* **Exercise brief**:
Please repeat the records word for word and skip the pictures.

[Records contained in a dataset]

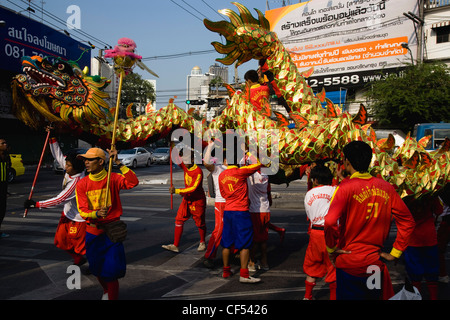 junge Männer in Tracht tragen Dragon Parade feiern lokalen chinesischen Tempel auf New Road erste gepflasterte Straße in der Stadt Thailand Stockfoto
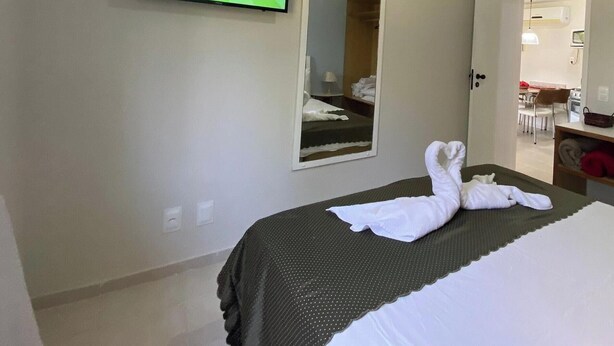Una habitación de hotel con cama, televisión montada en la pared y un espejo.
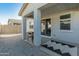 Covered patio with a Blackstone griddle and gravel flooring at 17352 W Country Club Ter, Surprise, AZ 85387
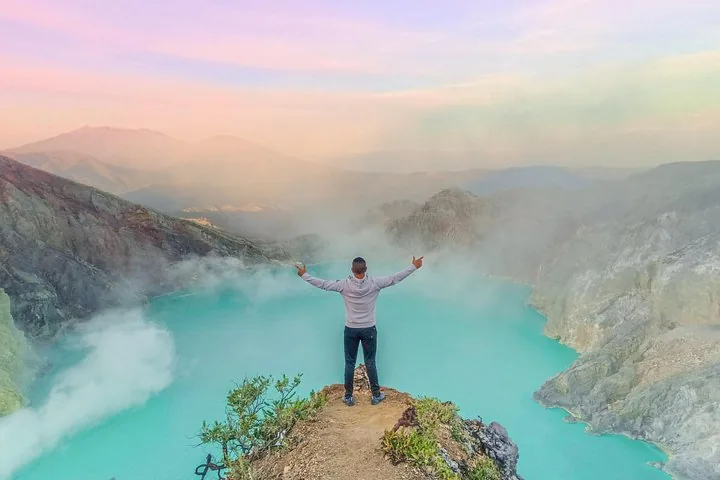 Hiker standing on a ridge with arms outstretched, looking at a turquoise crater lake.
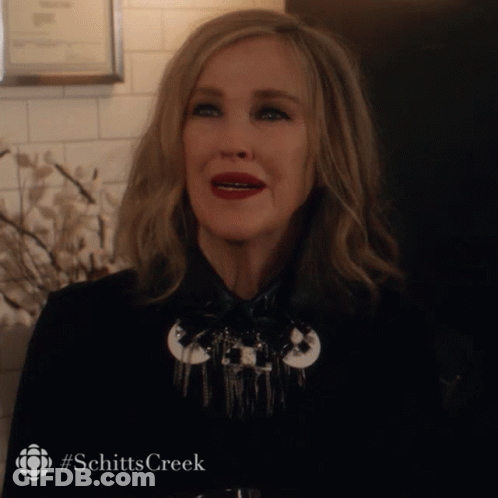 Woman In Black Jacket With Schitts Creek Hashtag GIF
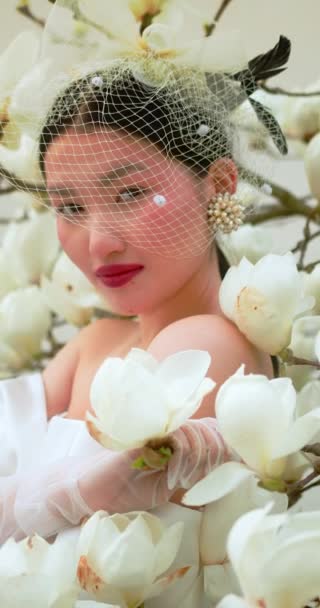 Asian Woman Enjoying Nature Touching Flowers Garden Blooming Magnolia — Vídeo de Stock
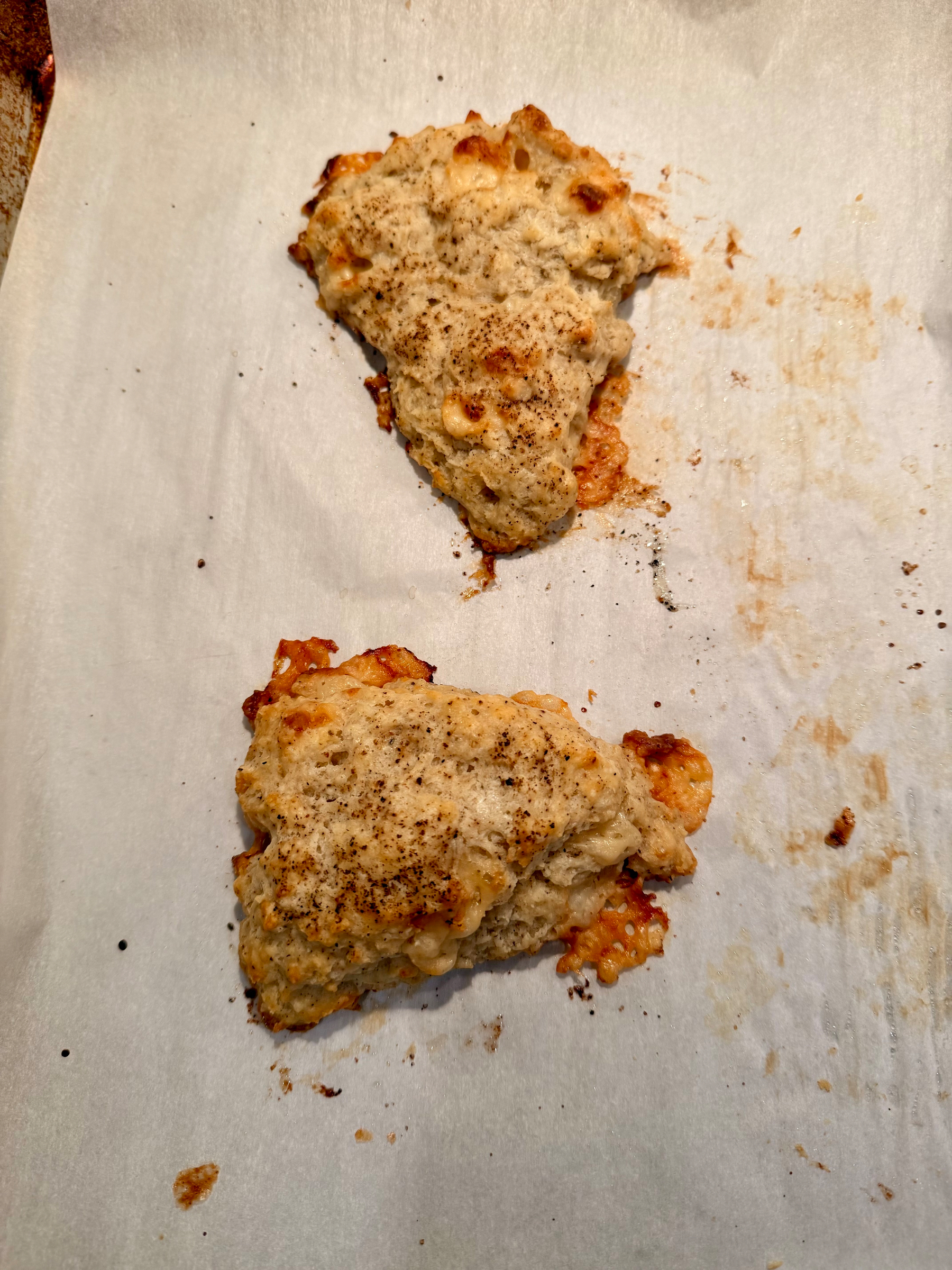 Two baked scones sit on a parchment-lined baking sheet.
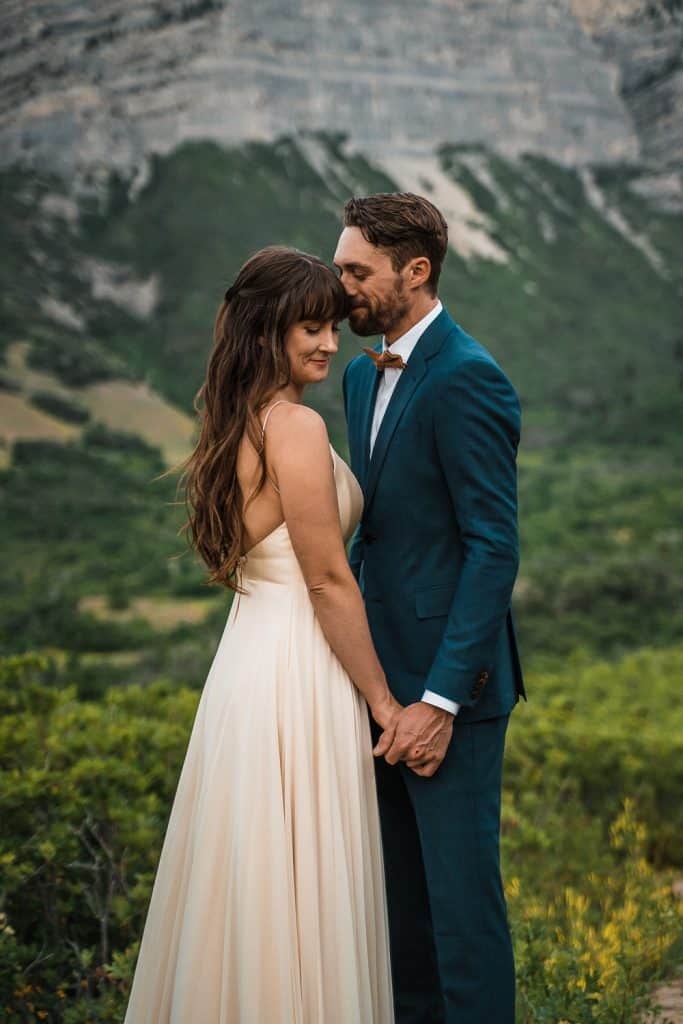 beautiful shot of couple holding hands facing each other with mountains in the background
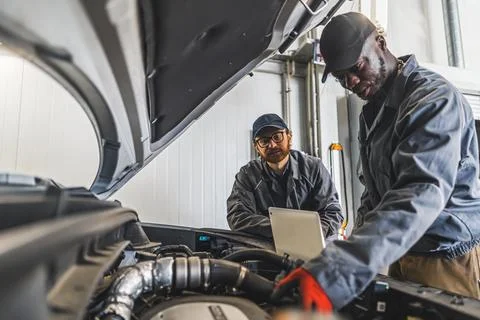 Two men mechanics completing car engine diagnostics with laptop in a repair shop Stock Photos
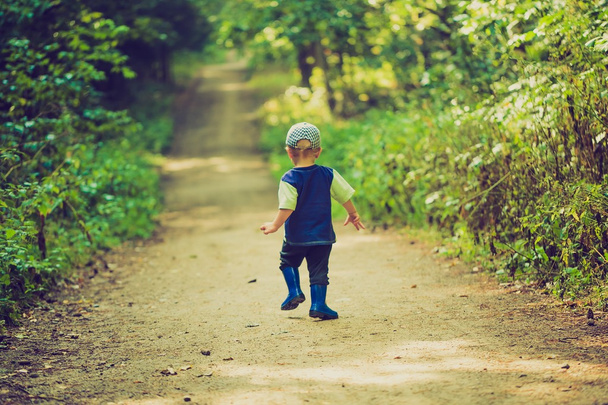 Винтажное фото мальчика, бегущего и играющего в лесу летом
. - Фото, изображение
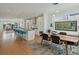Open concept kitchen and dining area boasts a spacious island, stainless steel appliances, and modern finishes at 4525 N Raleigh St, Denver, CO 80212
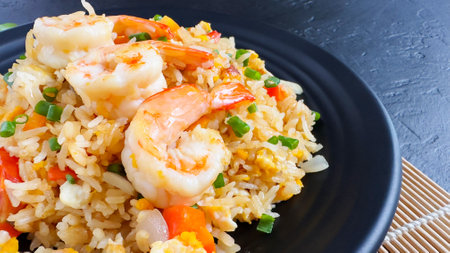 close up-Fried rice with vegetables and sea prawns, carrots, eggs, and tomatoes. Thai Chinese food is arranged on a black plate on a black background kitchen table, top view.の写真素材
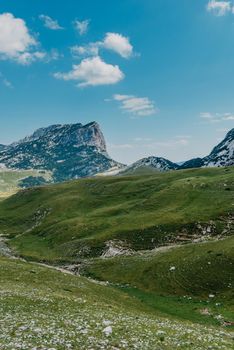 Mountain valley during sunrise. Natural summer landscape. Mountain peak green nature scenery. trail on green hill landscape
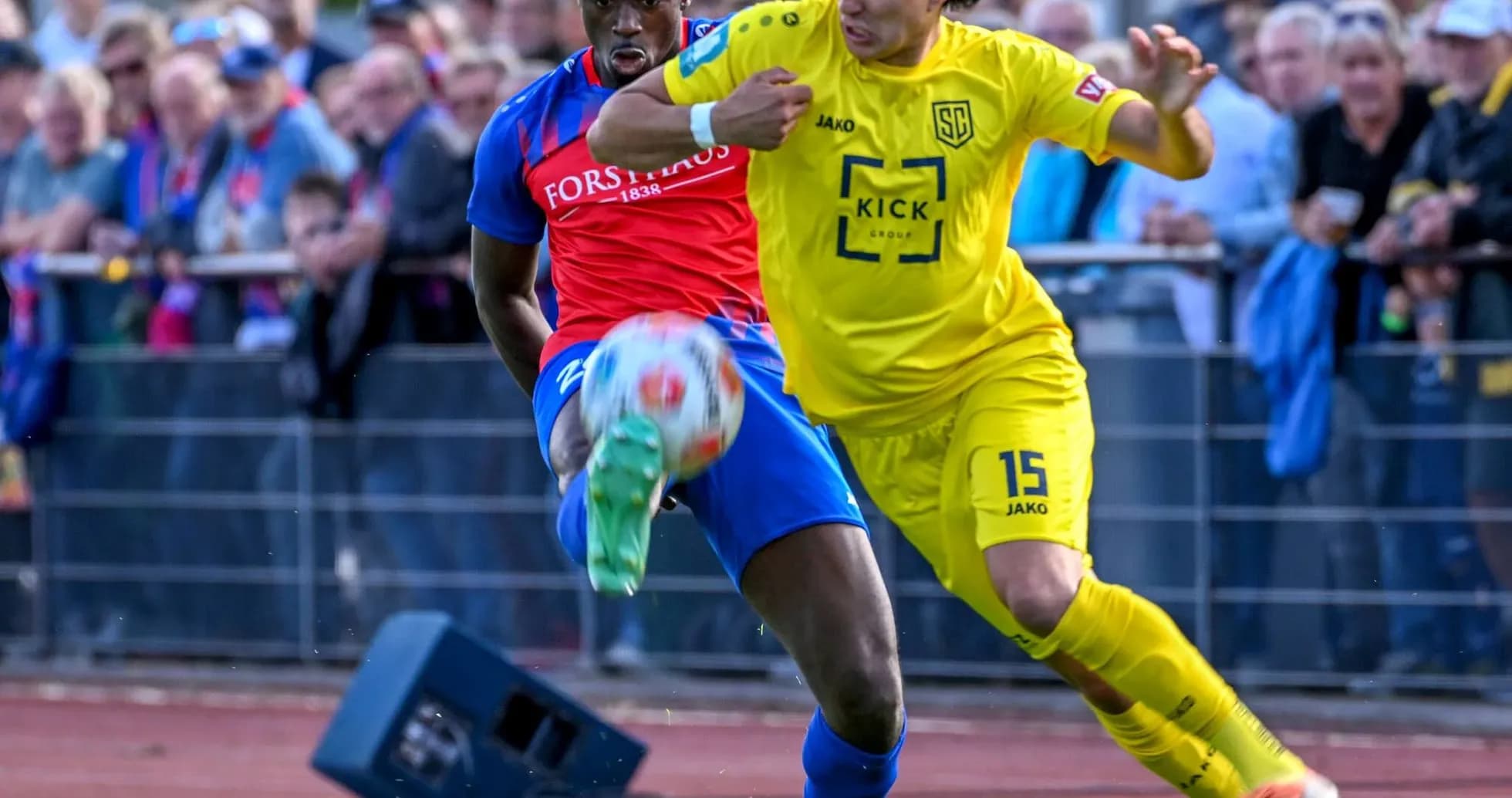Players contesting for the ball in Oberliga match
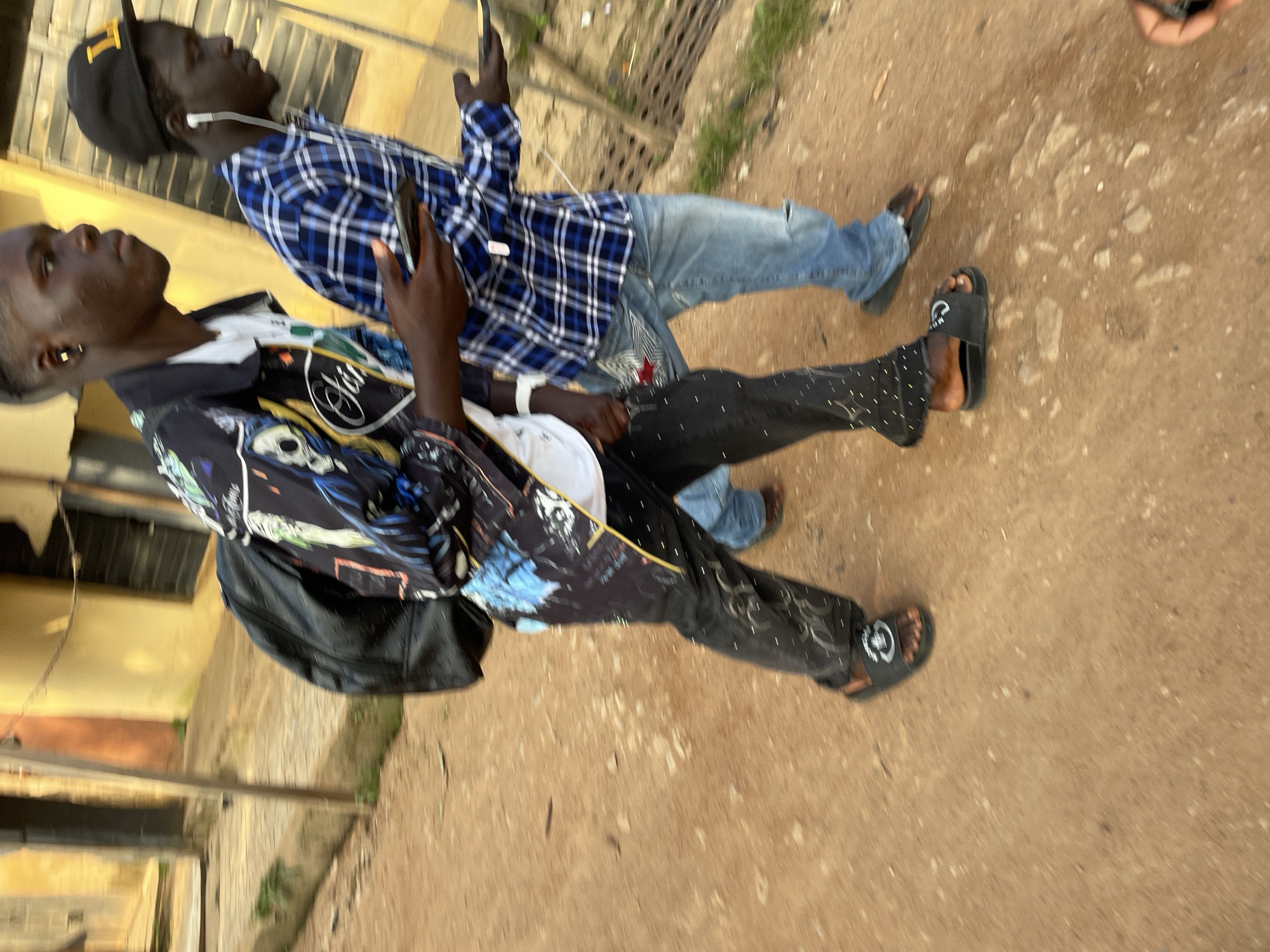 In Barakin Akawo, Nigeria, two young men walk on a dirt path. The man on the left wears a black backpack, a white t-shirt, and black pants with white dots and a graphic design. He has on black slides with a white emblem. The man on the right wears a blue and white plaid shirt, blue jeans with a rip on one knee, and black slides. Both men are looking forward and holding smartphones. The background shows buildings with yellow and orange walls, and some vegetation. The lighting suggests it is daytime.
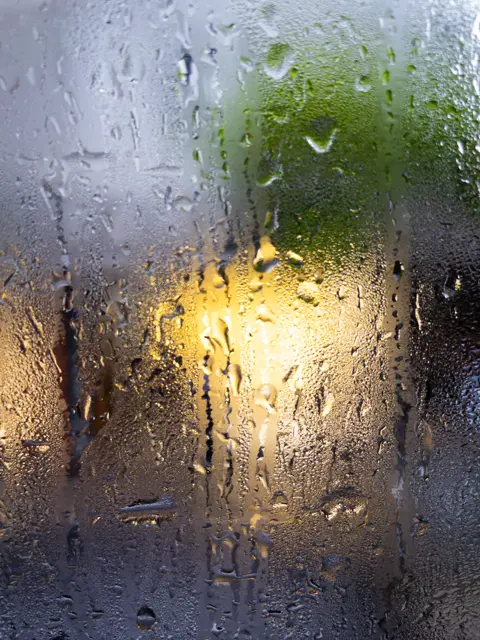 Raindrops on a window over blurred lights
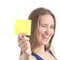 Woman winking and showing a blank yellow paper note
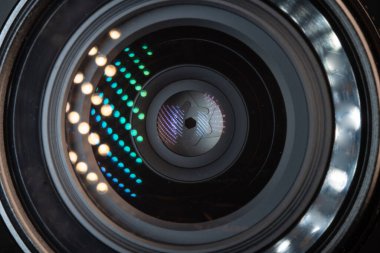 Professional camera photo lens. Details of glass, layer of enlightenment, aperture petals. Light reflections from modern diode lamps. The concept of making visual content.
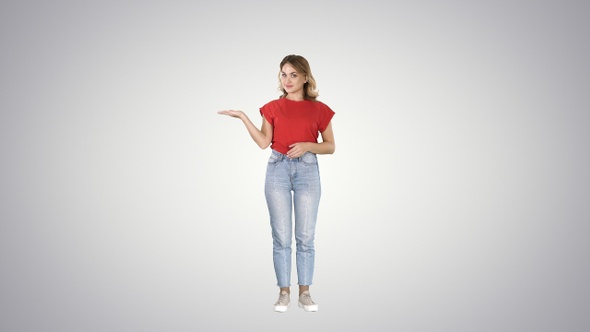 Young beautiful woman amazed and smiling to the camera alt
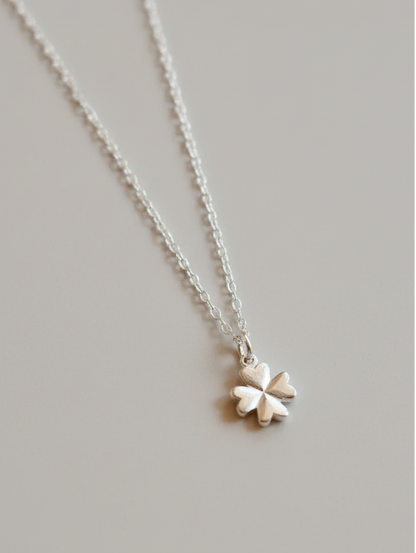 Silver necklace with a four-leaf clover pendant on a light gray background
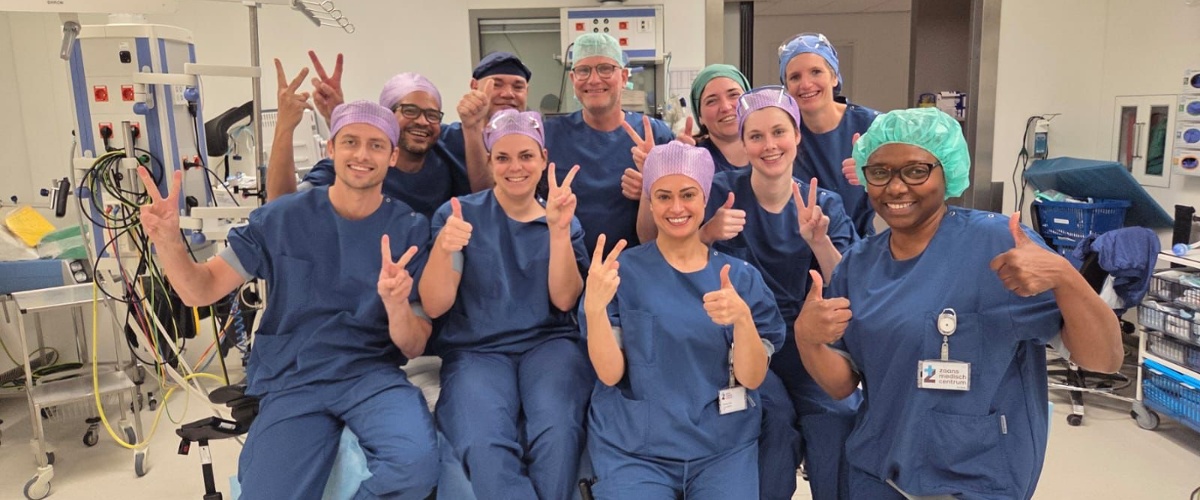 Op de operatiekamer in het ZMC poseert het team met chirurgen en OK medewerkers lachend voor de camera. Ze steken hun duimen trots in de lucht.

* **Completed task**:
 junge Männer in Tracht tragen Dragon Parade feiern lokalen chinesischen Tempel auf New Road erste gepflasterte Straße in der Stadt Thailand Stockfoto
Una habitación de hotel con cama, televisión montada en la pared y un espejo.
 Covered patio with a Blackstone griddle and gravel flooring at 17352 W Country Club Ter, Surprise, AZ 85387
 Hiker standing on a ridge with arms outstretched, looking at a turquoise crater lake.
 Woman In Black Jacket With Schitts Creek Hashtag GIF
 Asian Woman Enjoying Nature Touching Flowers Garden Blooming Magnolia — Vídeo de Stock
 Two baked scones sit on a parchment-lined baking sheet.
 beautiful shot of couple holding hands facing each other with mountains in the background
 Two men mechanics completing car engine diagnostics with laptop in a repair shop Stock Photos
 Винтажное фото мальчика, бегущего и играющего в лесу летом
. - Фото, изображение
Open concept kitchen and dining area boasts a spacious island, stainless steel appliances, and modern finishes at 4525 N Raleigh St, Denver, CO 80212
 close up-Fried rice with vegetables and sea prawns, carrots, eggs, and tomatoes. Thai Chinese food is arranged on a black plate on a black background kitchen table, top view.の写真素材
 Mountain valley during sunrise. Natural summer landscape. Mountain peak green nature scenery. trail on green hill landscape
Players contesting for the ball in Oberliga match
 In Barakin Akawo, Nigeria, two young men walk on a dirt path. The man on the left wears a black backpack, a white t-shirt, and black pants with white dots and a graphic design. He has on black slides with a white emblem. The man on the right wears a blue and white plaid shirt, blue jeans with a rip on one knee, and black slides. Both men are looking forward and holding smartphones. The background shows buildings with yellow and orange walls, and some vegetation. The lighting suggests it is daytime.
 Raindrops on a window over blurred lights
 Woman winking and showing a blank yellow paper note
 Professional camera photo lens. Details of glass, layer of enlightenment, aperture petals. Light reflections from modern diode lamps. The concept of making visual content.
 Young beautiful woman amazed and smiling to the camera alt
 Silver necklace with a four-leaf clover pendant on a light gray background
 Op de operatiekamer in het ZMC poseert het team met chirurgen en OK medewerkers lachend voor de camera. Ze steken hun duimen trots in de lucht.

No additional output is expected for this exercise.